Approximately 40-60% of patients with aggressive non-Hodgkin lymphoma (NHL) treated with standard anthracycline-based regimens either fail to achieve a complete response (CR) or relapse after attaining a CR.
High-dose chemotherapy with autologous stem cell transplantation (ASCT) can be curative in a proportion of patients with relapsed or primary refractory disease provided that a complete response (CR) or partial response (PR) can be induced with second-line chemotherapy.
The aim of this study is to assess the antitumour efficacy and tolerability following two regimens of Chemotherapy in refractory / relapsed DLBCL patients.
It was conducted at the clinical Oncology and Nuclear Medicine Department, Ain Shams University, and Al-Maadi Military Hospital Haematology Oncology Department where 30 patients with histological and immunohistochemical diagnosis of DLBCL were enrolled & randomly allocated into one of two arms; arm A to receive R-ICE regimen (Rituximab, Ifosfamide, Carboplatin and Etoposide) & arm B to receive GEM-P regimen (gemcitabine, cisplatin and methylprednisolone).
For the whole series, Complete remission was achieved in 8/23 patients (35%), partial remission in 8/23 patients (35%), minimal response in 2/23 (9%), and progression occurred in 5/23 patients (22%).
Complete response (CR) was achieved in 37.5% of patients in RICE arm & in 33% of patients in GEM-P arm. Partial response was achieved in 50% in arm A and in 27% in arm B. Minimal response was encountered in 13% in arm B.
The overall response rate (ORR) was 87% for arm A & 73% for arms B. Progression was encountered in 12.5% and 26.5% in arms A & B respectively. The differences between arms A & B in response data is statistically non significant.

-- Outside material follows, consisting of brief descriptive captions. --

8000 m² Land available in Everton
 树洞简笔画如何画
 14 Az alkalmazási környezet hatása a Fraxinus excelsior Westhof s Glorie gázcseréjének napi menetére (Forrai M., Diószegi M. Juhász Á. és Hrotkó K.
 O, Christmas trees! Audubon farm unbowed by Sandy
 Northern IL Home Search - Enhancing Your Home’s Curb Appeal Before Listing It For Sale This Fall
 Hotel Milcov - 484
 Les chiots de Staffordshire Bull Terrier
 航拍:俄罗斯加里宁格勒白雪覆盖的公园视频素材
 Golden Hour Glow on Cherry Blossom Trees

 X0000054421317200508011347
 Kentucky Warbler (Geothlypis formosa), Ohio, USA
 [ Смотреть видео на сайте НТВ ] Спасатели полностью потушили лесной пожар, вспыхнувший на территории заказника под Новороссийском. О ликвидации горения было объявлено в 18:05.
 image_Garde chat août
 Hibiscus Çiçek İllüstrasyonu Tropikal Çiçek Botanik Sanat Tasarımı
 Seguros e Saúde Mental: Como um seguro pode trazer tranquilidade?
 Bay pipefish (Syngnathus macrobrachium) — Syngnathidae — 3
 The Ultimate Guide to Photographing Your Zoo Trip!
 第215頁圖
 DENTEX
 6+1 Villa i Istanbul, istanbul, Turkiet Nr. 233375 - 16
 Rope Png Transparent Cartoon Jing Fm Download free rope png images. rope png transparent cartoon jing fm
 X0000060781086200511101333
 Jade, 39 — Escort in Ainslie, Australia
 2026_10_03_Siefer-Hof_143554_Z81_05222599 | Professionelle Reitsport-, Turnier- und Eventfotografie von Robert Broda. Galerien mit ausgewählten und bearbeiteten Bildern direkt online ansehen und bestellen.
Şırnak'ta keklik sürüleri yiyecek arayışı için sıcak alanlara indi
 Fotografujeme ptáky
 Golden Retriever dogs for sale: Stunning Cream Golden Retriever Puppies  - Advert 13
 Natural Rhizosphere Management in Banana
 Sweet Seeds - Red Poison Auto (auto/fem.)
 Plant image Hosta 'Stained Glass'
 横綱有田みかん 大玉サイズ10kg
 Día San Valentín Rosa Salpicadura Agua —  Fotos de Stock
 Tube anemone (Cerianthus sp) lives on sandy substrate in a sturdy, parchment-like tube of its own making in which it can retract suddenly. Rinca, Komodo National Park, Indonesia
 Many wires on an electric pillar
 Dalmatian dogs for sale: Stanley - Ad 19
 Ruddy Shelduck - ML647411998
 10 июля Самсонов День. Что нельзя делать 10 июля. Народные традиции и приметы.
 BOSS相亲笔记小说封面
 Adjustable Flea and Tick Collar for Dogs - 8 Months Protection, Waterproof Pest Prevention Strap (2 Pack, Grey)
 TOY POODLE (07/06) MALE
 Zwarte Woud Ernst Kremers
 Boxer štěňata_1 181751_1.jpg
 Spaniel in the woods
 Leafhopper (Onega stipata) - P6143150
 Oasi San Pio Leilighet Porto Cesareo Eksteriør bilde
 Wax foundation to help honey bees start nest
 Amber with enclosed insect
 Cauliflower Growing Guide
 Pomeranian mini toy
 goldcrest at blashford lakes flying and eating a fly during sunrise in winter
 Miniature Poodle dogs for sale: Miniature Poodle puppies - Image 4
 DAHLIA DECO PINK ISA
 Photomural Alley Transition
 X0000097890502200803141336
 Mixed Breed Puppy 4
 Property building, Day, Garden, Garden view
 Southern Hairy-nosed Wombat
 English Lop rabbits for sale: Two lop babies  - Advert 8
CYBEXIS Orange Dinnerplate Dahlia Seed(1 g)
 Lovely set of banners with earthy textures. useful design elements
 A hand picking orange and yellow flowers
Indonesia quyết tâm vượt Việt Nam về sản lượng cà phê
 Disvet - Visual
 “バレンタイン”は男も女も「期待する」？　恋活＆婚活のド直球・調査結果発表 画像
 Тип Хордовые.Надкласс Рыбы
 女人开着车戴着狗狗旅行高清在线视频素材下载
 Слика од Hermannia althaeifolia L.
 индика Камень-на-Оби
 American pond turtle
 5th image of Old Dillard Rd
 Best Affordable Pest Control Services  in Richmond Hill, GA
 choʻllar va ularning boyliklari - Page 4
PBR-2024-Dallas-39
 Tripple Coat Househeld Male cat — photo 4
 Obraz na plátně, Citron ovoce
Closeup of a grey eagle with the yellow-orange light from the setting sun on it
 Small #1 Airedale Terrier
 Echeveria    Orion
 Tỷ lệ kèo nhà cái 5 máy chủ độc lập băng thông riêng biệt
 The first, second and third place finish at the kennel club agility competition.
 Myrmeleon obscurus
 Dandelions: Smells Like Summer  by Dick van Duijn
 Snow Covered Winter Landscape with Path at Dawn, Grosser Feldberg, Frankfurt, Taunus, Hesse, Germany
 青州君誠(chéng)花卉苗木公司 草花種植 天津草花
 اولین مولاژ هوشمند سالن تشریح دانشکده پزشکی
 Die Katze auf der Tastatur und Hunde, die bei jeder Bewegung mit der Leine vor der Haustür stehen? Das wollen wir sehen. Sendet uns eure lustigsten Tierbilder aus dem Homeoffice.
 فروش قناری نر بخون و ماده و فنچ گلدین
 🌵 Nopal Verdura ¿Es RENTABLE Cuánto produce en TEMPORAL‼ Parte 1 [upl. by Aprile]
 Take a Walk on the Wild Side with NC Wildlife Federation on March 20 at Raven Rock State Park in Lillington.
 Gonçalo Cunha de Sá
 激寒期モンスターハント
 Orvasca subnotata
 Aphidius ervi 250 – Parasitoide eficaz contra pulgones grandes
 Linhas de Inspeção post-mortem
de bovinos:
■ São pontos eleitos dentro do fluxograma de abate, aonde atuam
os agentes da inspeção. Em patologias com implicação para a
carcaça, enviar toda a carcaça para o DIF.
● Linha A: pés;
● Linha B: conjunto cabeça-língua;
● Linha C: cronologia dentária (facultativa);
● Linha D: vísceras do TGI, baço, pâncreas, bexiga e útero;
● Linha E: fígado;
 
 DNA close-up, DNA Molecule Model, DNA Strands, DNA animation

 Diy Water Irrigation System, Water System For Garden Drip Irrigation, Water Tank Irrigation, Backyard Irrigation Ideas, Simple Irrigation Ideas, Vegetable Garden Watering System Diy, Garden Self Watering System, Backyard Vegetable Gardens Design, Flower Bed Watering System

The 2-year overall survival (OS) rate of the whole series was 57%, 2-year progression-free survival (PFS) was 24% and the 2-year disease-free survival (DFS) was 24%. The 2-year overall survival rate (OS) was lower for GEM-P (arm B) than RICE (arm A); 54% vs. 62% respectively without statistically significant difference (P >0.05).
Progression-free survival (PFS) at 2 years was 25% for arm A and 23% for arm B with P value >0.05.
Toxicities were evaluated in all randomized patients. Both regimes were generally well tolerated. Haematological toxicity was the major toxicity. Nephrotoxicity was remarkable in arm B. No patient died due to treatment-related toxicity.